• _Problem to work on_
Restate every record that follows, keeping it exact.

• _Records provided_
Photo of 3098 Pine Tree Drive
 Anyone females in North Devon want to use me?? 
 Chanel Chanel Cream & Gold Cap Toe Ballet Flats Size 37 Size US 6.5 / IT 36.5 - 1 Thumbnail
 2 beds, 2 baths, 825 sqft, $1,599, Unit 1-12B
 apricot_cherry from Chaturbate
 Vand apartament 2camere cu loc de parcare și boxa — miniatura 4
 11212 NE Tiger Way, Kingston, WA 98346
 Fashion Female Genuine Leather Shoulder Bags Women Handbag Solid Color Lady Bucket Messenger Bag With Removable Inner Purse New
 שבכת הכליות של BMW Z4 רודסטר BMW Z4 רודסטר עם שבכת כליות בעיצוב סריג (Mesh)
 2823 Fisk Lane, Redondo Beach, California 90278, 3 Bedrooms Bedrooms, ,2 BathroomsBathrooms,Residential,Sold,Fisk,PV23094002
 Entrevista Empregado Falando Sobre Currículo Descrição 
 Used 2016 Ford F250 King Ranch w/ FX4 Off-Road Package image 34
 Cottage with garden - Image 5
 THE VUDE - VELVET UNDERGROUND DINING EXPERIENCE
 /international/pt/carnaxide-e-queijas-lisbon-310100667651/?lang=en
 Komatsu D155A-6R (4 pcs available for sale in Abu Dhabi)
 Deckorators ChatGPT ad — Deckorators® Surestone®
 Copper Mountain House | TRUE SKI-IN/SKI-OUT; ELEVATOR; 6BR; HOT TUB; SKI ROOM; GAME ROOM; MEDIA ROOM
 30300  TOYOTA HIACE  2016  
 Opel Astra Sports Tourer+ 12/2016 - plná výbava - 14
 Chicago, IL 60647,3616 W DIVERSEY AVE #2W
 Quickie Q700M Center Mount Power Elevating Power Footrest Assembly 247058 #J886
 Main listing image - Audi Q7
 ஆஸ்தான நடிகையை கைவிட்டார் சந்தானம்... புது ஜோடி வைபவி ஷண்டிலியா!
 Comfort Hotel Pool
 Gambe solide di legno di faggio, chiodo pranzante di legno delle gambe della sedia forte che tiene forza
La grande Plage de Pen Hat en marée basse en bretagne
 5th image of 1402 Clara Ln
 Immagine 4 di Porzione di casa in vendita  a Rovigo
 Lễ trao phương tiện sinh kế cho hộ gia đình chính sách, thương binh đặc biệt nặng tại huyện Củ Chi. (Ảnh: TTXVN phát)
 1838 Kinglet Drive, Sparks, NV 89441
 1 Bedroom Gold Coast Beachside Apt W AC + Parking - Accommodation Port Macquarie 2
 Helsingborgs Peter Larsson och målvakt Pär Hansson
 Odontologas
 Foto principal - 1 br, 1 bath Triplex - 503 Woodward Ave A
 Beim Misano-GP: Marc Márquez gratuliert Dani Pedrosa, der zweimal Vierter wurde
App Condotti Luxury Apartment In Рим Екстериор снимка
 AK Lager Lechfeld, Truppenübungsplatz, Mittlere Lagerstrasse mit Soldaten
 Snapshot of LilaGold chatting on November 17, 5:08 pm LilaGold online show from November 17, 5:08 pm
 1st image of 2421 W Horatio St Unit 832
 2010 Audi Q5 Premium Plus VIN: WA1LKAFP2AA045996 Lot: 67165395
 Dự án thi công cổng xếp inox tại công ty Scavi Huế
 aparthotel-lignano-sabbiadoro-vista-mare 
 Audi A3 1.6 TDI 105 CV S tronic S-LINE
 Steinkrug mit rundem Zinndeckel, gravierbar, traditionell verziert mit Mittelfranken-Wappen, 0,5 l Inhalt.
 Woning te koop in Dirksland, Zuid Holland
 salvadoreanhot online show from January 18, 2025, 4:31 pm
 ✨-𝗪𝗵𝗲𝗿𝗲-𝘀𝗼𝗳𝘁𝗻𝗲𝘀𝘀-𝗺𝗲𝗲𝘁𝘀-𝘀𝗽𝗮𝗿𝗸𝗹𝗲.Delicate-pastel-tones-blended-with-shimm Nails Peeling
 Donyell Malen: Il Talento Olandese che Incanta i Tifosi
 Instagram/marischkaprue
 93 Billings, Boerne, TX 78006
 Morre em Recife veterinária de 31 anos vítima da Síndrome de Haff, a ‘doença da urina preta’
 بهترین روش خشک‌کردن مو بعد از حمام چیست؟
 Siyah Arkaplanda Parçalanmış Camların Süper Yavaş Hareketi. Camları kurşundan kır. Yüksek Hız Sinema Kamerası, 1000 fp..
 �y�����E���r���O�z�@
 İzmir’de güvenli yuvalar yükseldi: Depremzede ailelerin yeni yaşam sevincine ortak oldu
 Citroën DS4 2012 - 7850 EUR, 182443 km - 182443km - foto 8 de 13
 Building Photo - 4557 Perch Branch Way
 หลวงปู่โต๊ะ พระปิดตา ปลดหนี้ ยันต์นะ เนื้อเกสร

• _Completed task_
Photo of 3098 Pine Tree Drive
 Anyone females in North Devon want to use me?? 
 Chanel Chanel Cream & Gold Cap Toe Ballet Flats Size 37 Size US 6.5 / IT 36.5 - 1 Thumbnail
 2 beds, 2 baths, 825 sqft, $1,599, Unit 1-12B
 apricot_cherry from Chaturbate
 Vand apartament 2camere cu loc de parcare și boxa — miniatura 4
 11212 NE Tiger Way, Kingston, WA 98346
 Fashion Female Genuine Leather Shoulder Bags Women Handbag Solid Color Lady Bucket Messenger Bag With Removable Inner Purse New
 שבכת הכליות של BMW Z4 רודסטר BMW Z4 רודסטר עם שבכת כליות בעיצוב סריג (Mesh)
 2823 Fisk Lane, Redondo Beach, California 90278, 3 Bedrooms Bedrooms, ,2 BathroomsBathrooms,Residential,Sold,Fisk,PV23094002
 Entrevista Empregado Falando Sobre Currículo Descrição 
 Used 2016 Ford F250 King Ranch w/ FX4 Off-Road Package image 34
 Cottage with garden - Image 5
 THE VUDE - VELVET UNDERGROUND DINING EXPERIENCE
 /international/pt/carnaxide-e-queijas-lisbon-310100667651/?lang=en
 Komatsu D155A-6R (4 pcs available for sale in Abu Dhabi)
 Deckorators ChatGPT ad — Deckorators® Surestone®
 Copper Mountain House | TRUE SKI-IN/SKI-OUT; ELEVATOR; 6BR; HOT TUB; SKI ROOM; GAME ROOM; MEDIA ROOM
 30300  TOYOTA HIACE  2016  
 Opel Astra Sports Tourer+ 12/2016 - plná výbava - 14
 Chicago, IL 60647,3616 W DIVERSEY AVE #2W
 Quickie Q700M Center Mount Power Elevating Power Footrest Assembly 247058 #J886
 Main listing image - Audi Q7
 ஆஸ்தான நடிகையை கைவிட்டார் சந்தானம்... புது ஜோடி வைபவி ஷண்டிலியா!
 Comfort Hotel Pool
 Gambe solide di legno di faggio, chiodo pranzante di legno delle gambe della sedia forte che tiene forza
La grande Plage de Pen Hat en marée basse en bretagne
 5th image of 1402 Clara Ln
 Immagine 4 di Porzione di casa in vendita  a Rovigo
 Lễ trao phương tiện sinh kế cho hộ gia đình chính sách, thương binh đặc biệt nặng tại huyện Củ Chi. (Ảnh: TTXVN phát)
 1838 Kinglet Drive, Sparks, NV 89441
 1 Bedroom Gold Coast Beachside Apt W AC + Parking - Accommodation Port Macquarie 2
 Helsingborgs Peter Larsson och målvakt Pär Hansson
 Odontologas
 Foto principal - 1 br, 1 bath Triplex - 503 Woodward Ave A
 Beim Misano-GP: Marc Márquez gratuliert Dani Pedrosa, der zweimal Vierter wurde
App Condotti Luxury Apartment In Рим Екстериор снимка
 AK Lager Lechfeld, Truppenübungsplatz, Mittlere Lagerstrasse mit Soldaten
 Snapshot of LilaGold chatting on November 17, 5:08 pm LilaGold online show from November 17, 5:08 pm
 1st image of 2421 W Horatio St Unit 832
 2010 Audi Q5 Premium Plus VIN: WA1LKAFP2AA045996 Lot: 67165395
 Dự án thi công cổng xếp inox tại công ty Scavi Huế
 aparthotel-lignano-sabbiadoro-vista-mare 
 Audi A3 1.6 TDI 105 CV S tronic S-LINE
 Steinkrug mit rundem Zinndeckel, gravierbar, traditionell verziert mit Mittelfranken-Wappen, 0,5 l Inhalt.
 Woning te koop in Dirksland, Zuid Holland
 salvadoreanhot online show from January 18, 2025, 4:31 pm
 ✨-𝗪𝗵𝗲𝗿𝗲-𝘀𝗼𝗳𝘁𝗻𝗲𝘀𝘀-𝗺𝗲𝗲𝘁𝘀-𝘀𝗽𝗮𝗿𝗸𝗹𝗲.Delicate-pastel-tones-blended-with-shimm Nails Peeling
 Donyell Malen: Il Talento Olandese che Incanta i Tifosi
 Instagram/marischkaprue
 93 Billings, Boerne, TX 78006
 Morre em Recife veterinária de 31 anos vítima da Síndrome de Haff, a ‘doença da urina preta’
 بهترین روش خشک‌کردن مو بعد از حمام چیست؟
 Siyah Arkaplanda Parçalanmış Camların Süper Yavaş Hareketi. Camları kurşundan kır. Yüksek Hız Sinema Kamerası, 1000 fp..
 �y�����E���r���O�z�@
 İzmir’de güvenli yuvalar yükseldi: Depremzede ailelerin yeni yaşam sevincine ortak oldu
 Citroën DS4 2012 - 7850 EUR, 182443 km - 182443km - foto 8 de 13
 Building Photo - 4557 Perch Branch Way
 หลวงปู่โต๊ะ พระปิดตา ปลดหนี้ ยันต์นะ เนื้อเกสร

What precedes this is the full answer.